Michael Halpern, deputy director of the Center for Science and Democracy at the Union of Concerned Scientists, wrote in a Saturday blog post that CDC staff “took the unusual and unfortunate step of canceling a conference on climate change and public health even before the inauguration.”
American Public Health Association Executive Director Georges Benjamin told the Washington Post that agency officials decided to preemptively call off the January 23 event, rather than risk running afoul of an incoming president who has repeatedly called climate change a “hoax” and has nominated climate change skeptics to his cabinet.
In most countries of the world, climate change is taken seriously by policymakers and the public and isn’t getting scrubbed from websites by government officials. In a Pew Research Center survey published in August, climate change was cited as second-leading national security threat around the world. ISIS was named as the top threat in a total of 18 countries surveyed, while global climate change was listed as the top-most national security threat in 13 countries.
Earlier this year, Sherri Goodman, senior fellow at the Wilson Center Environmental Change and Security Program and Polar Initiative and former deputy under secretary of defense for environmental security, told U.S. lawmakers the world is witnessing a large number of refugees, perhaps even more than after World War II, a trend that has been “exacerbated by climate change” and one that poses a national security threat.

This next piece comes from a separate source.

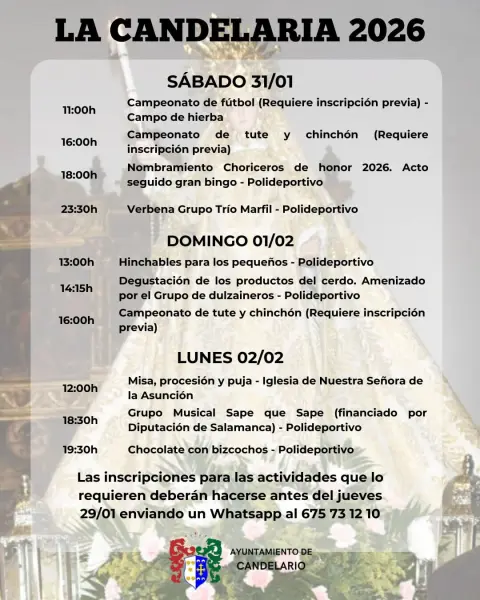 Cartel con actividades que se celebrarán con motivo de la Festividad de la Virgen de la Candelaria. Candelario 2026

Ten years ago, Goodman coined the term “threat multiplier” to describe how climate change creates situations like years-long droughts that may help to spur civil conflict or stronger hurricanes that damage ships at sea. “I believe that climate change is acting as a threat multiplier that will lead to whole wave of climate refugees that we are now experiencing and that will continue to grow in future years with sea level rise, extreme weather events, and increased drought,” she said in her testimony.